PARIS (AFP) ― Cold and dry today, Mars was previously warm and wet but possibly only at intervals, a study suggests.
Scientists have long puzzled over what happened to the water, the precious stuff of life, on the Red Planet.
Unmanned spacecraft have sent home tantalizing images of gouged canyons, valleys and sedimentary deltas, while landers have found hydrous rocks, all suggesting Mars at one time hosted hundreds of kilometers of rivers and lakes.
Today, though, Mars is too cold and the pressure of its carbon-dioxide atmosphere way too low for liquid water to exist. If you tried to pour water on its surface, it would simultaneously freeze and vaporize.
So when did Mars host liquid water? And what happened to it?
In a study published in the journal Nature Geoscience, planetary geologist Edwin Kite of the California Institute of Technology takes a new stab at the riddle.
Kite and his team measured craters, left on the Martian surface by asteroid collisions, to gain an idea of its past atmospheric pressure.
The principle behind their calculation is this: the thicker the atmosphere, the bigger the space rock has to be in order to survive the friction of contact with it.

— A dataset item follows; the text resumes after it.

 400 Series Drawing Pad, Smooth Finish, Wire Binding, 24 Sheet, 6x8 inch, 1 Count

Conversely, a thinner atmosphere means that smaller rocks are able to survive the descent and whack the surface. Kite’s team looked at 319 craters in Aeolis Dorsa, a 3.6-billion-year-old region that shows evidence of past rivers to get an indication.

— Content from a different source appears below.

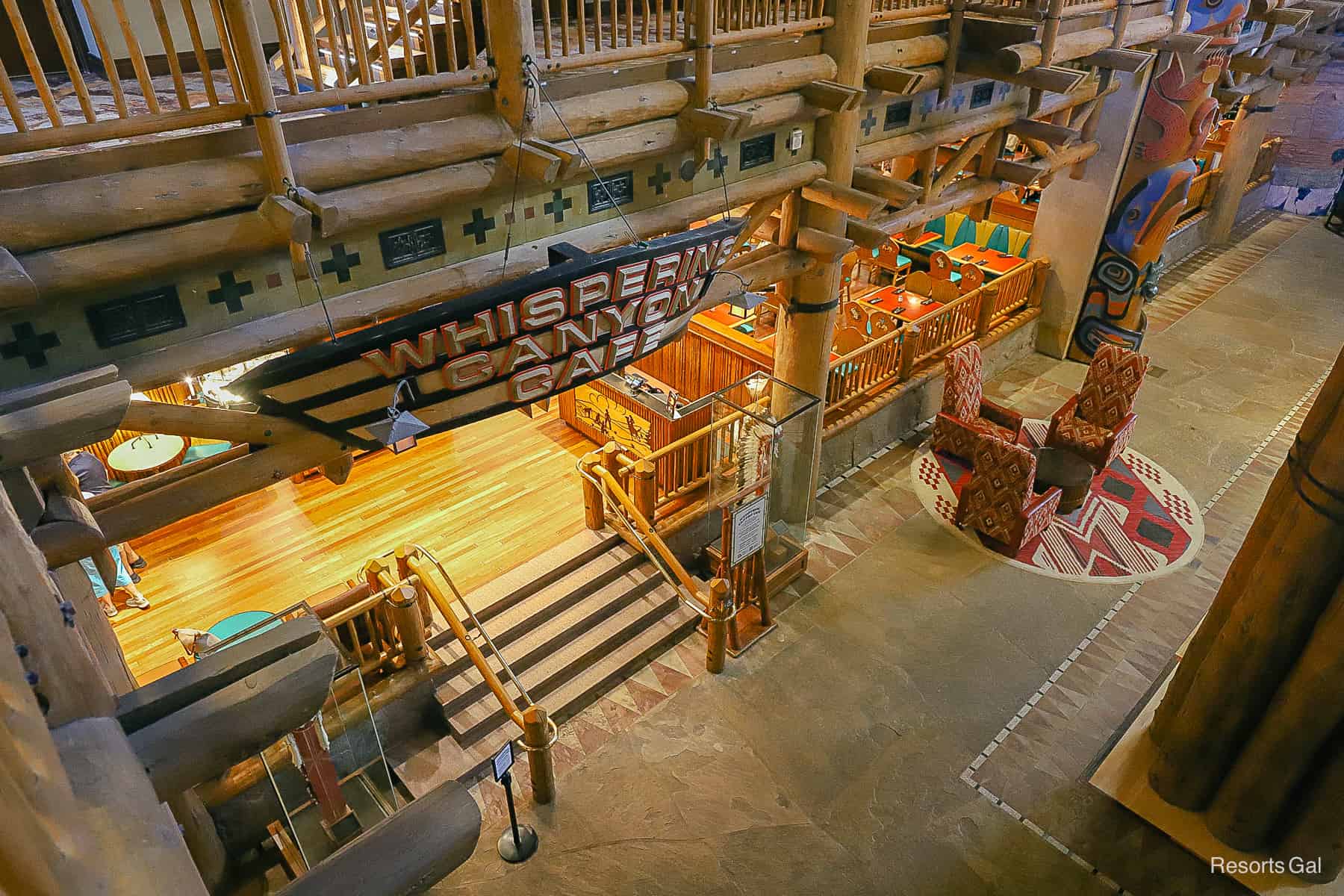 a view of Whispering Canyon Cafe from an upper level floor in the Wilderness Lodge's lobby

They calculated that these craters were formed when Mars had atmospheric pressure of up to 0.9 bar.
This pressure is 150 times greater than that of today and intriguingly close to that of the water-rich planet Earth at sea level.
The bad news, though, is that Mars is far more distant from the sun than Earth and at that far-off time, our star was much less bright than now.
As a result, Mars would have required pressures of at least five bar for its surface to keep above the freezing point of water. It seems to have lacked a long-lasting thick atmosphere during its river period.
“If Mars did not have a stable multi-bar atmosphere at the time that the rivers were flowing ― as suggested by our results ― then a warm and wet carbon/water greenhouse is ruled out, and long-term average temperatures were most likely below freezing,” said the study.